▶ **Recorded data**:

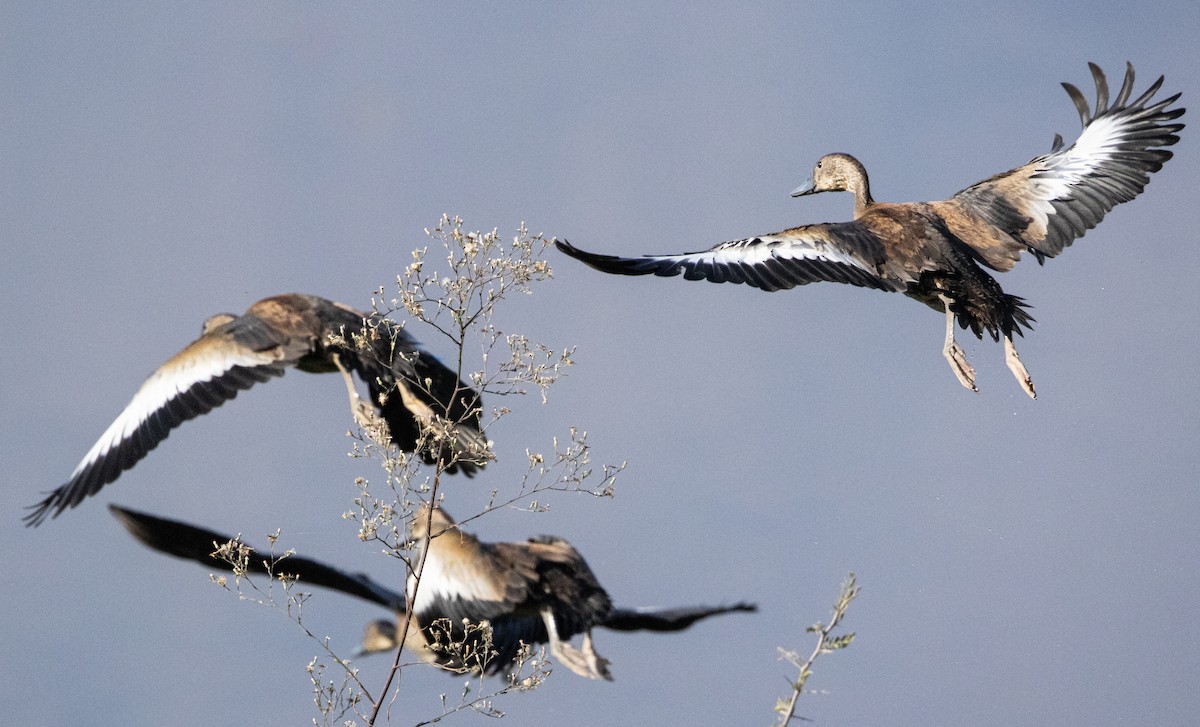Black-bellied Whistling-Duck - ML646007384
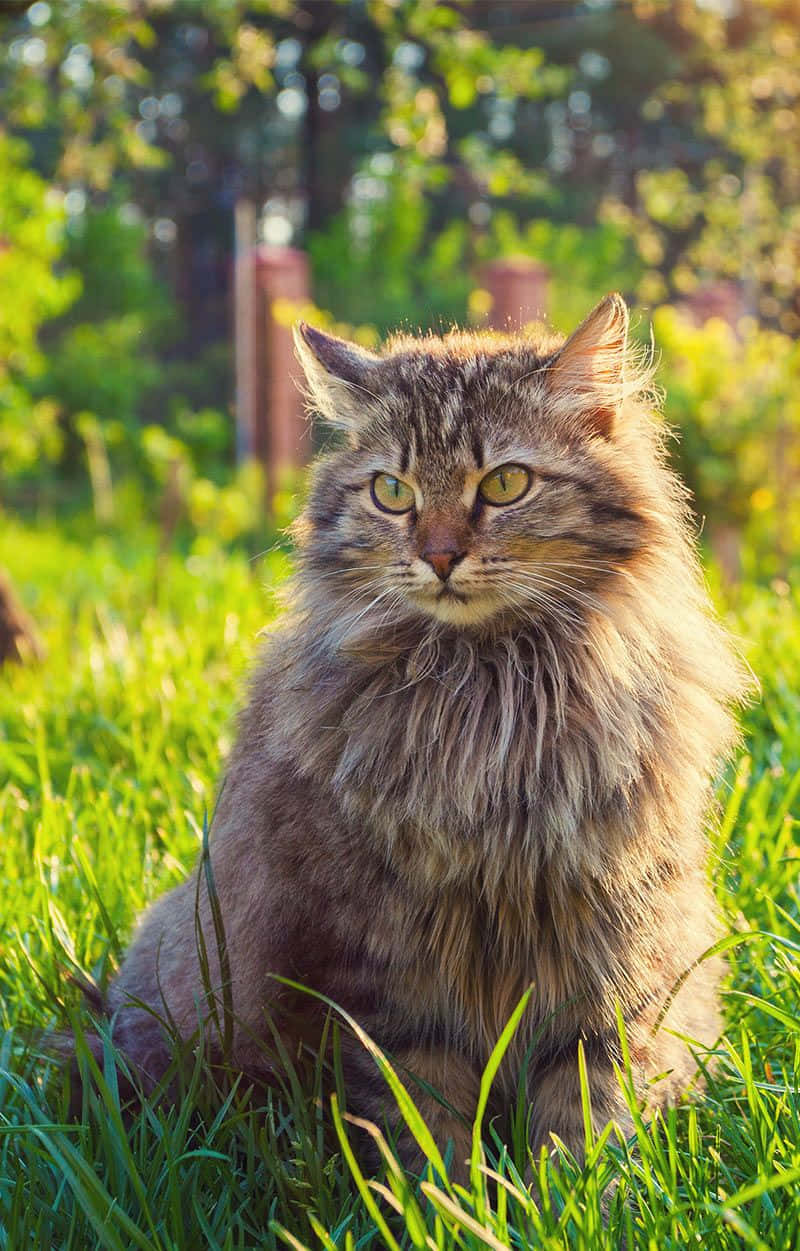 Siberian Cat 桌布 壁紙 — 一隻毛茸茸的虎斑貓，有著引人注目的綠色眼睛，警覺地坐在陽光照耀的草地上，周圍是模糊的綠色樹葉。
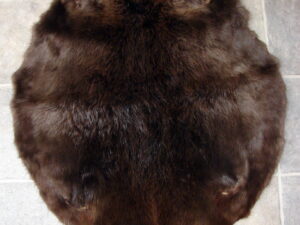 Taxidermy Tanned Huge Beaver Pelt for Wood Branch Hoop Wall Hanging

▶ **Task goal**: Write the lines above out again exactly, without any of their pictures.

▶ **Response below**:
Black-bellied Whistling-Duck - ML646007384
 Siberian Cat 桌布 壁紙 — 一隻毛茸茸的虎斑貓，有著引人注目的綠色眼睛，警覺地坐在陽光照耀的草地上，周圍是模糊的綠色樹葉。
 Taxidermy Tanned Huge Beaver Pelt for Wood Branch Hoop Wall Hanging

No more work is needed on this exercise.